ヘッドレスコーマスの障壁となる商品IDの不統一

 オンラインとオフラインを統合したコマースビジネスの強力なシステムとなりうるShopifyを始めとするヘッドレスコーマスシステムだが、この導入を阻むと見られるものの一つにJANコードを始めとする商品IDの不統一があると石川氏は指摘する。

 

 実際、石川氏も関わるRoomClip Shoppingでもメーカー各社のJANコードの運用が完全ではなく、同じ商品なのに、全く別物として存在しているケースがたくさんあり、商機を逃したり、倉庫で発送業務など商品の取り扱いに手間がかかっていたり、経験の浅い社員では対応できないなどの課題が顕在化しているという。

 

 この見かけ上の欠品がなくなるだけで、今の売上を1.5倍にすることができ、倉庫オペレーションも3割ぐらい減らすことができると見ており、ここまで来ると、商品ID不統一による損失は経営課題であると石川氏はいい切る。

 

 まとめとして、石川氏はGS1のさらなる活動により、商品ID、JANコードの統一化が進み、業務が効率化できると事業者としてはたいへん助かると力説して、話を終えた。

 

 

世界のECで利用拡大するGS1標準

 2番目のセッションでは、GS1 Japan(流通システム開発センター) ソリューション第2部の主任研究員の市原栄樹氏が登壇し、「世界のネット販売で利用拡大するGS1標準」と題して、ECにおける統一コードの重要性と、その動向について講演した。
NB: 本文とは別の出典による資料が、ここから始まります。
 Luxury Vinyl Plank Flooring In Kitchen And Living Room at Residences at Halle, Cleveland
 市原氏は、基調講演における石川氏の商品ID統一化の話を受け、共通商品コードの普及の大切さと、日本における商品マスターを提供するインフラ整備について力説した。

 その一方で、日本でのGTINを始めとするGS1標準の普及がまだまだであることを、指摘した。海外ではAmazonがGTINの利用を推奨しており、中国でも利用が進みつつあることを紹介、各企業に対し、GTINによるグローバルに対応した商品識別コードやGLNによる場所情報の利用可能性を検討するとともに、GS1関連のサイトからの情報収集や、EC、D2Cなどの関連業界の動きを調べて、自社の方向性を明確にすることを強く勧めた。

 

 

GS1標準をサプライチェーン可視化の情報システム構築に活かす

 続いて「マスタデータだけじゃない! 情報システム構築に関するGS1標準とその利用可能性」と題し、GS1 Japan ソリューション第2部 RFID・デジタル化推進グループの佐藤友紀氏が解説した。佐藤氏はGS1標準のShare、情報の共有にフォーカスし、サプライチェーンの可視化データを扱うEPCIS、GSI識別コードから情報/サービスの場所を見つけるGS1 Digital Link、そしてこれらを組み合わせて実現する情報システムについて解説した。
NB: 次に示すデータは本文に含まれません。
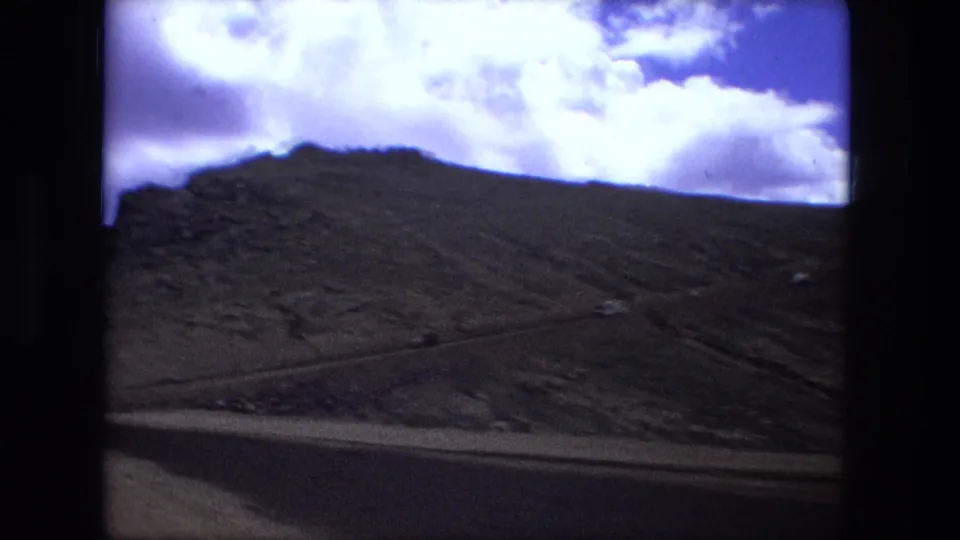 1976 8mm frame looking over a dark mountain slope with bright clouds and a narrow horizon line above it.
 EPCISはサプライチェーン上で発生する作業(イベント)を統一したデータ形式と、そのやり取り方法を定義することで、複数の企業が関わるサプライチェーン上のさまざまなイベントのトレース情報を収集して、トレーサビリティの確保などに活用できることを解説した。

 

 また、GS1 Digital Linkにより、商品のサービス情報を商品から、簡単にWeb上でアクセスできるようにすることで、掲載スペースが限られる商材の添付文書電子化や、商品のトレーサビリティの確保、顧客接点の増強などの事例を紹介した。

 

さらにはこれらのシステムを組み合わせることで、サプライチェーンのトレーサビリティの向上を図ることが、GS1標準をベースとする疎結合のシステム構成により、容易にかつ拡張性を構築することができる可能性を紹介した。

 

 

GS1標準を活用して、確実なリコールの仕組みを作る

 最後のセッションとして「賢い選択と製品の安全 ~知る権利と伝える責任~」と題し、一般社団法人PL研究学会の渡辺吉明氏がGS1QRを活用したPL対応を紹介した。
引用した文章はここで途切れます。